• _Excerpted records_:

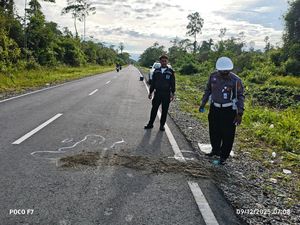 Remaja Mabuk di Mimika Jatuh dari Motor Tewas Terlindas Avanza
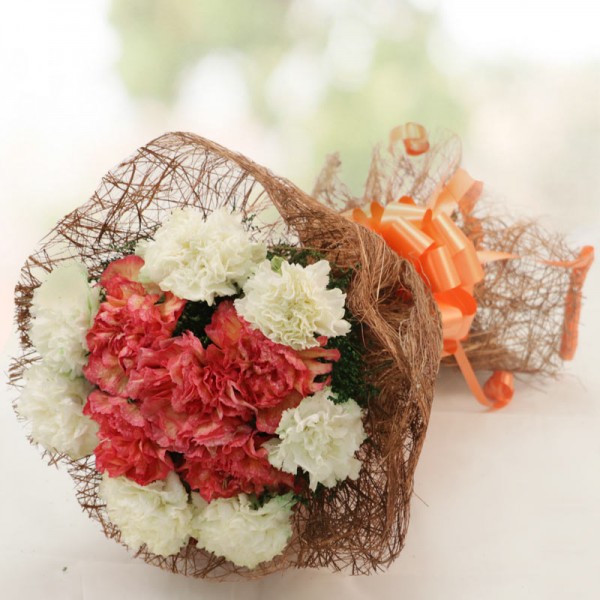 12 Carnations (Orange and White) Bunch
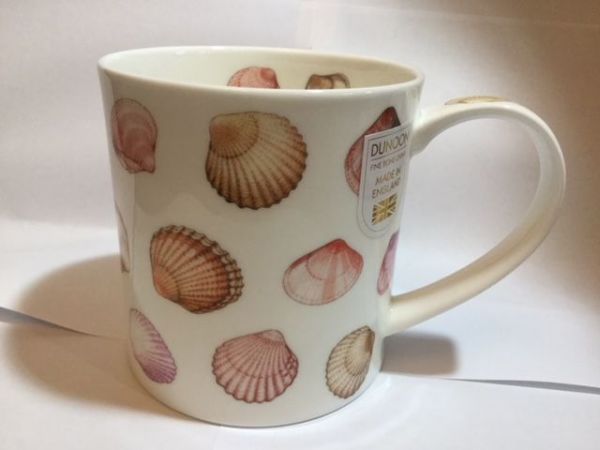 Shells (Muscheln)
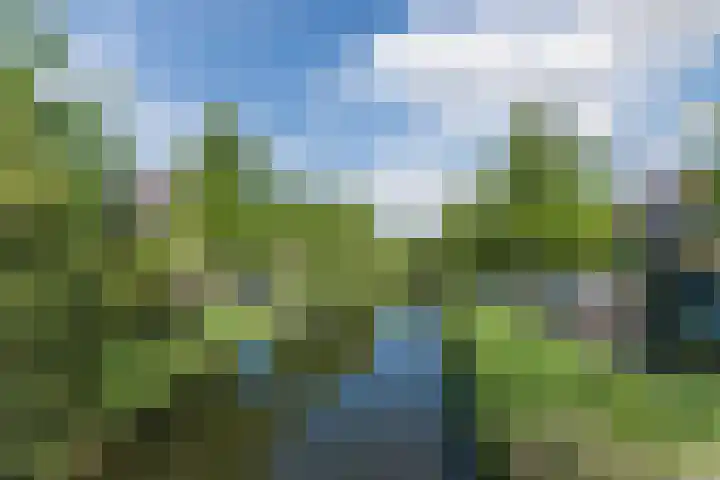 Kerklaan 112 Rijswijk thumbnail 52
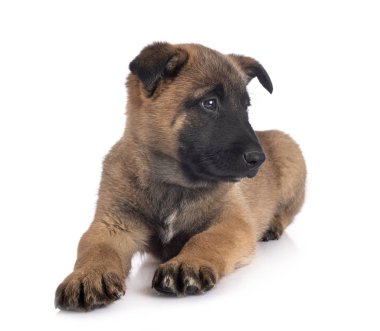 köpek yavrusu malinois Studio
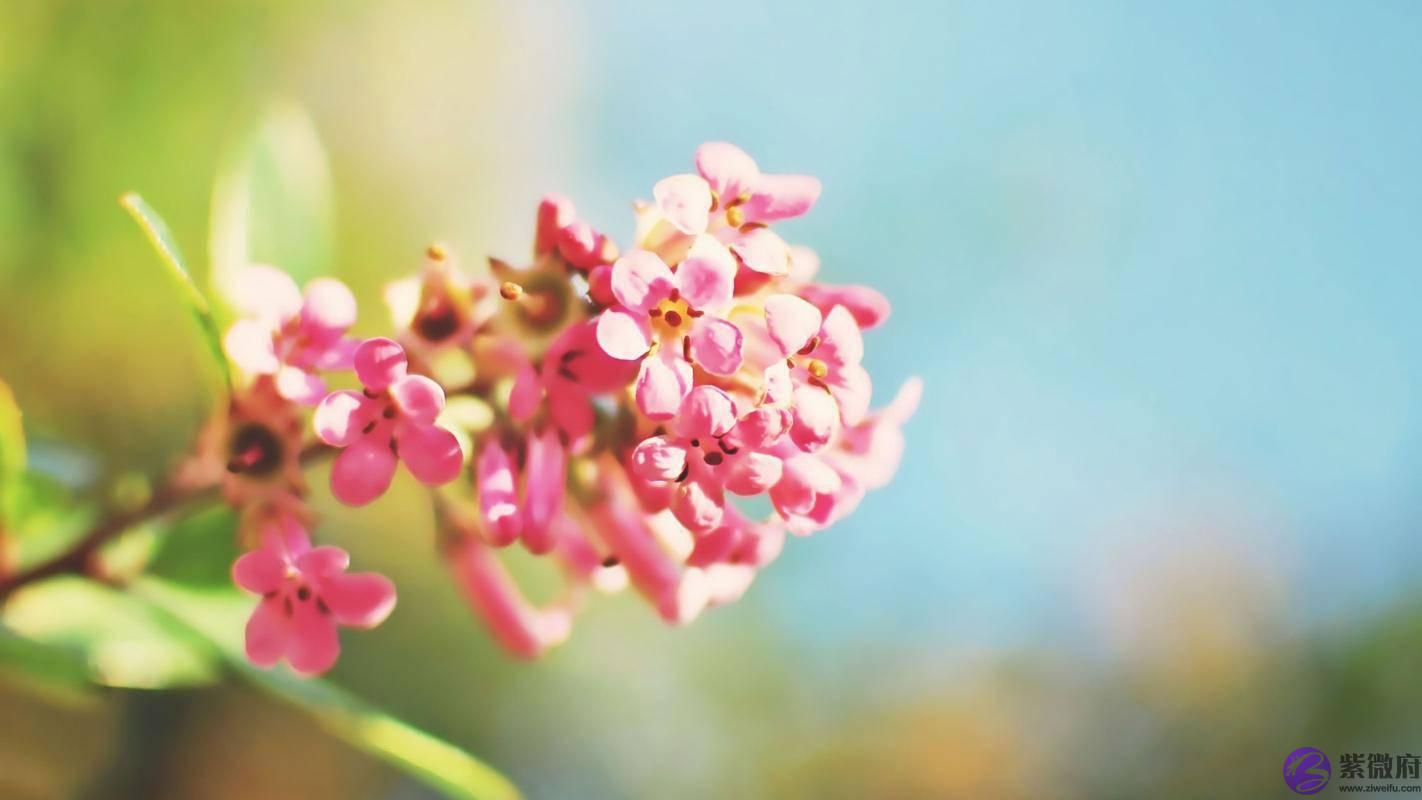 生辰生辰测算：女命犯桃花，在哪些情况下需要防范？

• _What is being asked_: Please write out every entry exactly, but skip the pictures.

• _Output of the exercise_:
 Remaja Mabuk di Mimika Jatuh dari Motor Tewas Terlindas Avanza
 12 Carnations (Orange and White) Bunch
 Shells (Muscheln)
 Kerklaan 112 Rijswijk thumbnail 52
 köpek yavrusu malinois Studio
 生辰生辰测算：女命犯桃花，在哪些情况下需要防范？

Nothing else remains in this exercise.